» **Problem statement**: Exactly the lines from the one with "ニール 名古屋 伏見 丸の内(NEELU)&nbsp;たっぷりレイヤースタイル" through the end of the records below are needed, minus any pictures.
Excerpted records below:
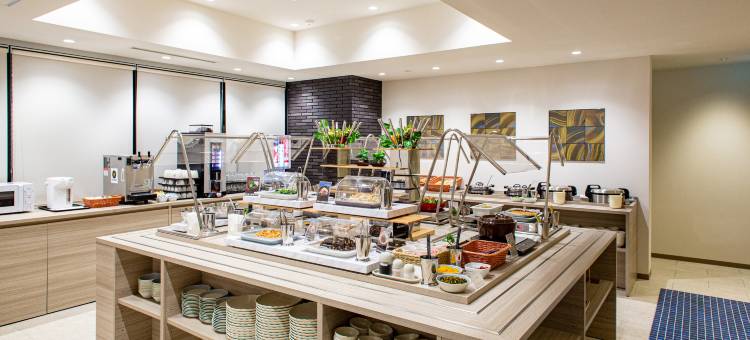 多治见站前Kuretake inn高级(Kuretake Inn Premium Tajimi Ekimae)图片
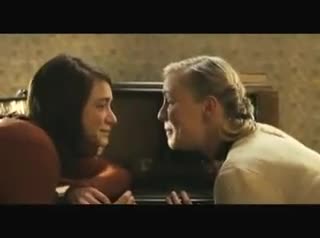 Un extrait du film  Sophie Scholl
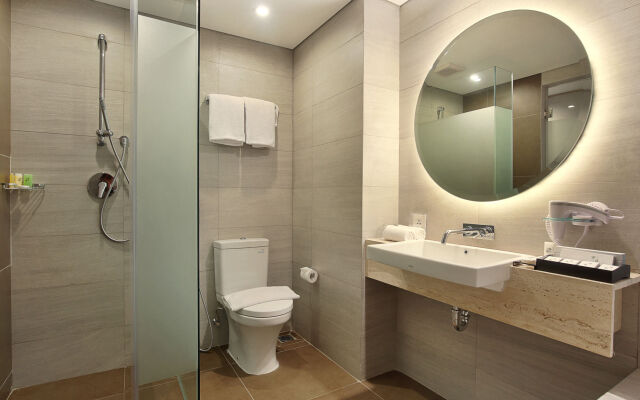 Swiss-Belinn Simatupang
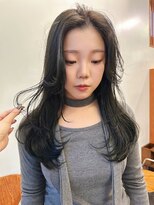 ニール 名古屋 伏見 丸の内(NEELU)&nbsp;たっぷりレイヤースタイル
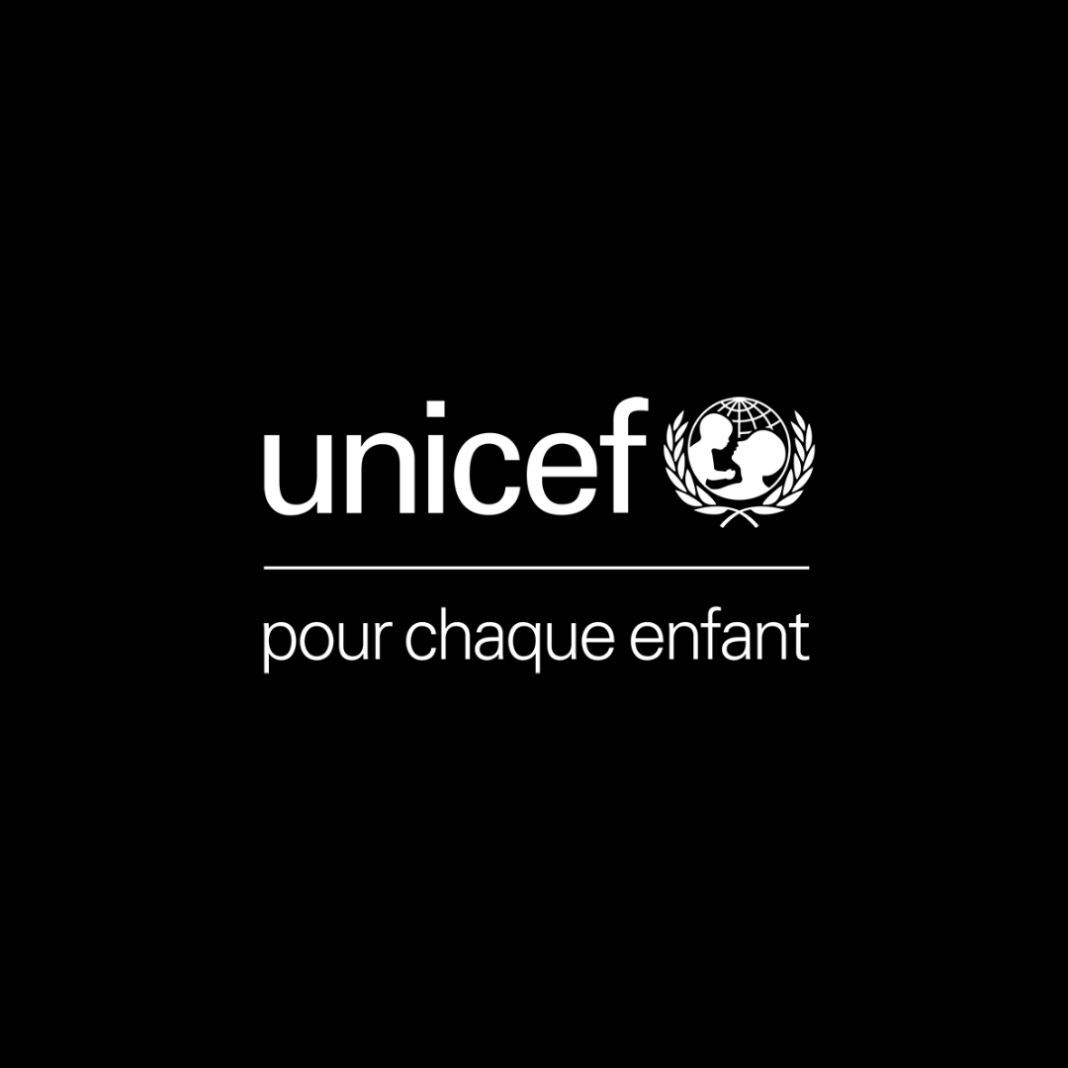 UNICEF alerte sur la situation des enfants et appelle à une mobilisation urgente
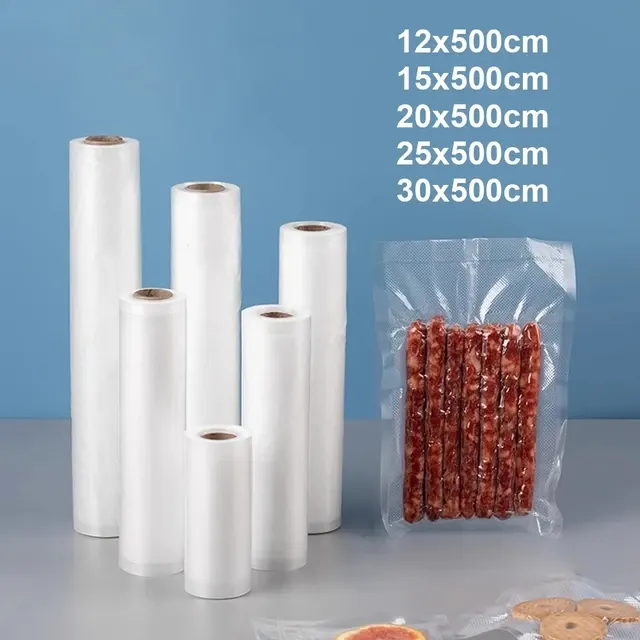Food Vacuum Storage Bags 2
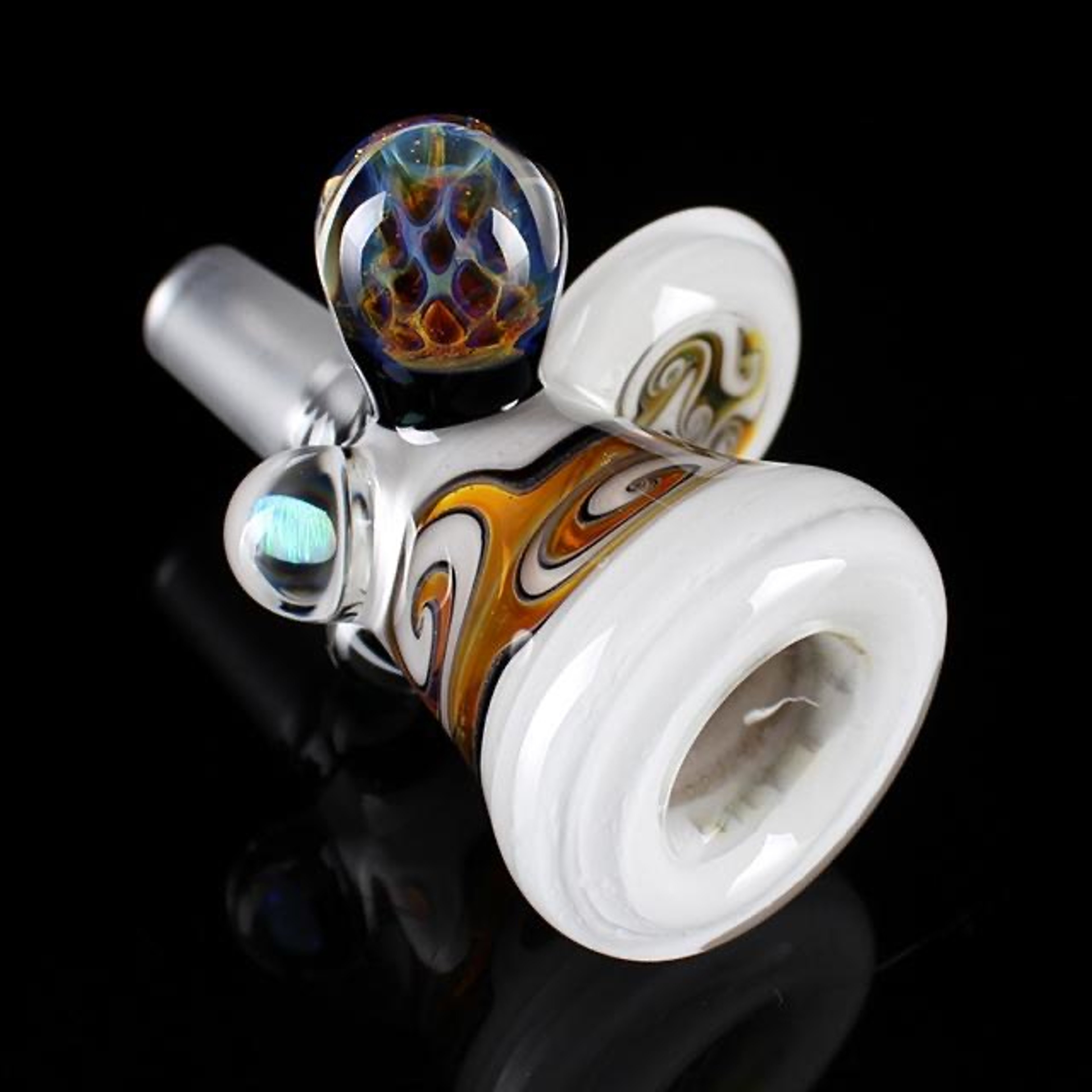 Preview pic of Dave Umbs 14mm Slide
End of Excerpted records.
» **Solution to the problem**:
 ニール 名古屋 伏見 丸の内(NEELU)&nbsp;たっぷりレイヤースタイル
 UNICEF alerte sur la situation des enfants et appelle à une mobilisation urgente
Food Vacuum Storage Bags 2
 Preview pic of Dave Umbs 14mm Slide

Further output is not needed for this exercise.